Since all these protocols were developed to provide services that
solve particular problems, the inability of applications to make use
of them is in itself a problem. Implementing a new solution e.g.
over UDP also means re-inventing the wheel (or, rather, re-
implementing the code) for a number of general network functions such
as methods to interoperate through NATs and PMTUD.
We believe this mismatch between the application layer and transport
layer can be addressed in a simple fashion. If an API allowed
applications to request transport services without specifying the
protocol, the transport system underneath could automatically try to
make the best of its available resources. It could use available
transport protocols in a way that is most beneficial for applications
and without the application needing to worry about problems with
middlebox traversal. Adopting this approach could give more freedom
for diversification to designers of Operating Systems.
1.1. Changes in This Version (to be removed by RFC Editor)

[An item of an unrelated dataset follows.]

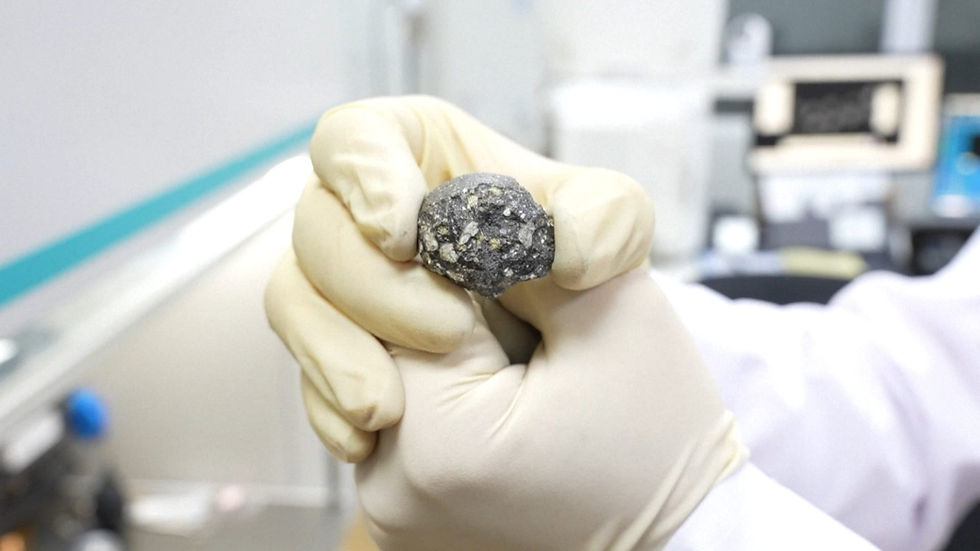 China descubre un nuevo mineral lunar que podría revolucionar la ciencia de materiales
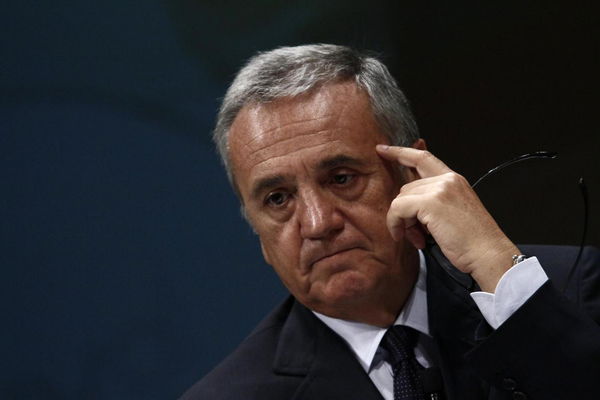 L’ex ministro del lavoro che dice: «Giusto che nell’alternanza scuola-lavoro i giovani friggano da McDonald’s»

From draft-moncaster-tsvwg-transport-services-00 to -01: Editorial
corrections and clarifications including:
* Updated Section 2.1 to highlight that we will take a hybrid
approach to identifying Transport Services, both top down (by
examining existing APIs) and bottom up (by looking at existing
transport protocols).
* Updated Section 2.2 to commit to delivering at least one
example API for this work.
* Replaced Section 4. The new version makes it clear that we
will preserve the status quo where the transport may or may not
choose to implement security.
2. Transport Services
The transport layer provides many services both to the end
application (e.g. multiplexing, flow control, ordering, reliability)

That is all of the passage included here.